By 2011, device reputation and fraud protection firm iovation had a legacy Oracle database that was beginning to show its limits. With that monolithic system it faced steep licensing and service costs, no effective scaling options, and monthly maintenance that required downtime.
The leadership at iovation decided to upgrade to an open-source stack including Apache Cassandra, which they chose for its linear scaling capability and fault tolerance.
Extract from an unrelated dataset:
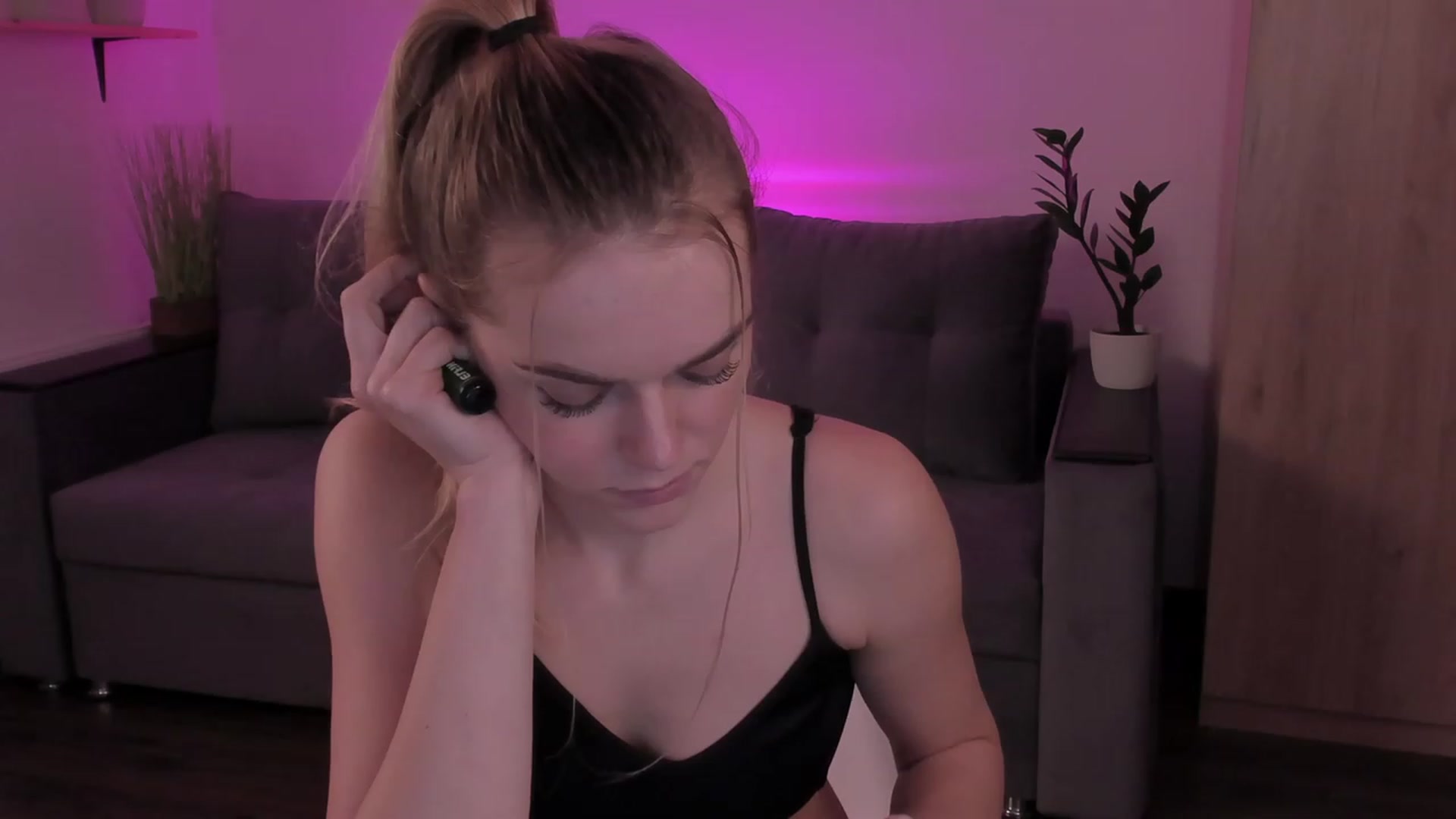 Gallery image thumbnail from CharliXSweet's myfreecams stream on, 12/26/2022, 19:35 image 18 of 20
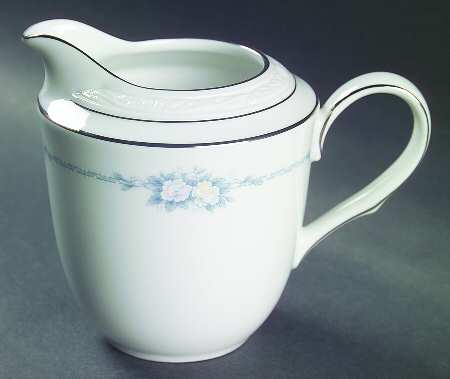 Holloway Creamer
When they completed the project in 2013, iovation had a redundant, distributed system with three data centers and a set of new features, in addition to device reputation management, faster processing times, and a 600% increase in traffic volume.
Oracle: prohibitive cost and maintenance downtime
“When I got here in 2008,” said iovation CTO Scott Waddell, “iovation had grown up on a pretty monolithic Oracle infrastructure, where most of the business logic lived in PL/SQL code, in the Oracle database.”
“Every time that we had something to update, enhance, or fix with Oracle, we had to take the whole service down for an hour because the code basically is the data, and we had to do things to Oracle, including maintenance, that required the service to be fully off-line,” explained Waddell.
The downtime maintenance took place on a monthly basis, which according to Waddell, “our customers didn’t exactly love.” Considering a new database infrastructure, Waddell added that “I did not want to have to take the service down in order to do surgical enhancements to individual components.”
“As our business grew, we began to look at what it was going to cost to scale our infrastructure,” said Waddell, “with an eye on what the cost model would look like over time, how we were going to make this more robust and reliable, and keep up with traffic.”
“We have really made a concerted effort over the last several years to completely move away from Oracle to an open-source stack,” added Waddell. And in going with open-source Apache Cassandra, Waddell explained that “we were looking at, literally, a difference of seven or eight times in cost, compared to growing on Oracle technologies.”
Seeking scalability, availability, flexibility, and less cost
For the shift to open source, Waddell said the “business drivers were scalability, availability, agility, and flexibility on the development side. And in the long run — cost. I need cost to be able to scale roughly with service growth, and I need to avoid this vendor lock-in situation (with Oracle) that makes me susceptible to predatory pricing.”
Waddell told me iovation’s device reputation solution takes encrypted customer data and feeds it “into a highly available, horizontally scaling data store, which was ultimately chosen to be Apache Cassandra. And then we front that with relational databases where needed, to build data marts that are application-specific.”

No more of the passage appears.